OPINION: This article may contain commentary which reflects the author's opinion.
One Democrat senator, the youngest in the Senate, has come against House Speaker and California Rep. Nancy Pelosi on her recent comments about stock trading.
Democrat Georgia Sen. Jon Ossoff wants to ban members of Congress from being able to trade stocks when they are in their elected positions, The New York Post reported.

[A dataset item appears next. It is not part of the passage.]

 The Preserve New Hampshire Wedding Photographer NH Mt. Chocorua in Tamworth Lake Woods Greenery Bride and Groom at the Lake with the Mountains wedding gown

The Ossoff ethics bill, which the Democratic freshman Senator plans to introduce once he finds a Republican co-sponsor, would crack down on conflicts of interest by making it illegal for lawmakers and their families to trade stocks while in office, a Washington, D.C. source close to the situation said.
It would also likely require lawmakers put their assets in blind trusts — a step that the 34-year-old Ossoff completed himself months after being elected in January 2021.
No Senate Republicans appear to have publicly come out against congressional stock trades, so Ossoff may have trouble finding a co-sponsor in the Senate. But Republican support in the House is more likely, since several GOP House members including Texas Reps. Michael Cloud and Chip Roy have come out against the practice.
Another proposal to curb Congress trades, the Ban Conflicted Trading Act, was introduced in the Senate in March by four Democratic Senators including Sen. Jeff Merkeley of Oregon and Ossoff’s fellow Georgia freshman Raphael Warnock. It also has an accompanying bipartisan House version backed by Rep. Alexandria Ocasio-Cortez (D-NY) and Roy, among other Democrats and Republicans.
But that legislation would only ban members of Congress and their staff from trading, which means that the husband of the House Speaker would be allowed to continue to trade stocks.
“As Speaker Pelosi’s recent transactions make clear, decisions made for the people should be separate than decisions made for personal enrichment,” Republican Rep. Chip Roy said.
“These lawmakers are just out of touch with how normal people view the situation,” Arizona Republican Senate primary candidate Blake Masters said. “Members of Congress should not be buying call options on Big Tech companies they’re in charge of regulating, that is ludicrous.”
The New York Post said that the Pelosi family has made a fortune on stocks.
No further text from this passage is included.